■ **TO DO**
Below are records; from the line containing "Functional kitchen features" through the very last line, output each line exactly. No pictures.

┄┄┄┄┄┄

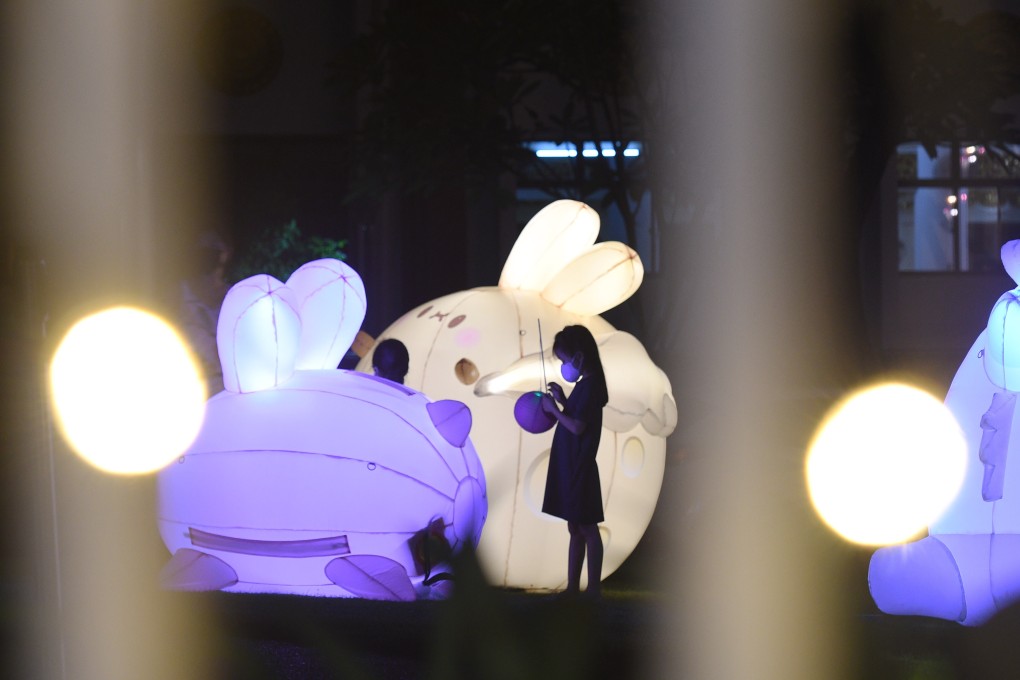 Children wearing face masks play around jade rabbit lantern installations in Singapore on Monday, the seventh consecutive day of more than 100 locally transmitted Covid-19 infections in the city state. Photo: Xinhua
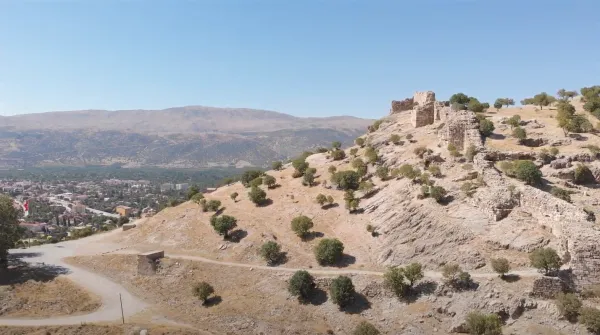 Tarihi kalıntılar, doğal peyzaj ve dağ manzarası içeren bir görüntü
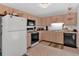 Functional kitchen features plenty of cabinet space, updated appliances, and ample counter area at 144 Wiley Dr, Douglasville, GA 30134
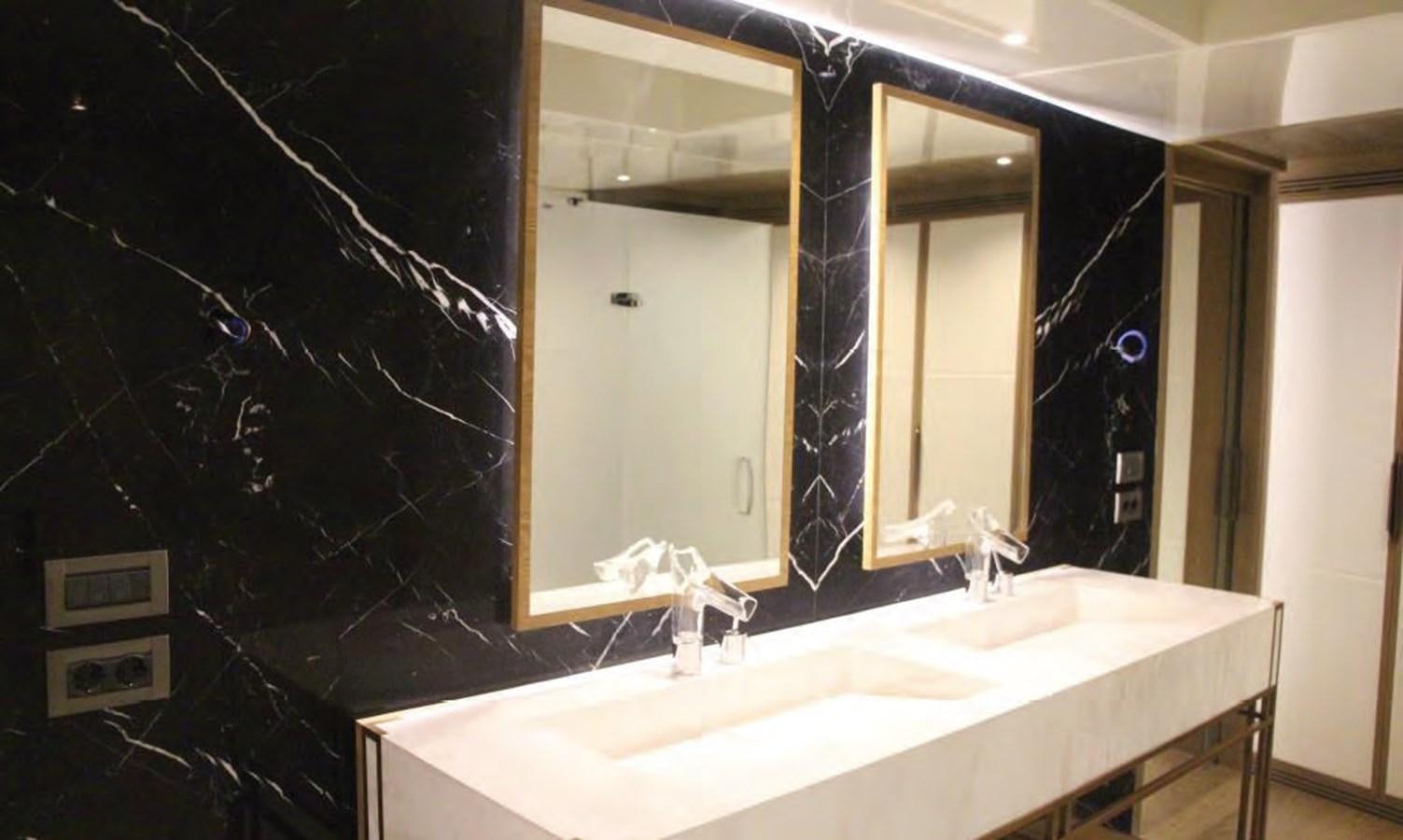 a bathroom with a sink and mirrors aboard HULL#05 Yacht for Sale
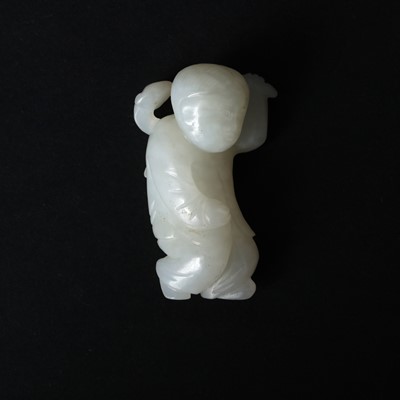Lot 104 - A Chinese white jade carving of a boy, 20th century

┄┄┄┄┄┄

■ **EXERCISE RESPONSE**
 Functional kitchen features plenty of cabinet space, updated appliances, and ample counter area at 144 Wiley Dr, Douglasville, GA 30134
 a bathroom with a sink and mirrors aboard HULL#05 Yacht for Sale
Lot 104 - A Chinese white jade carving of a boy, 20th century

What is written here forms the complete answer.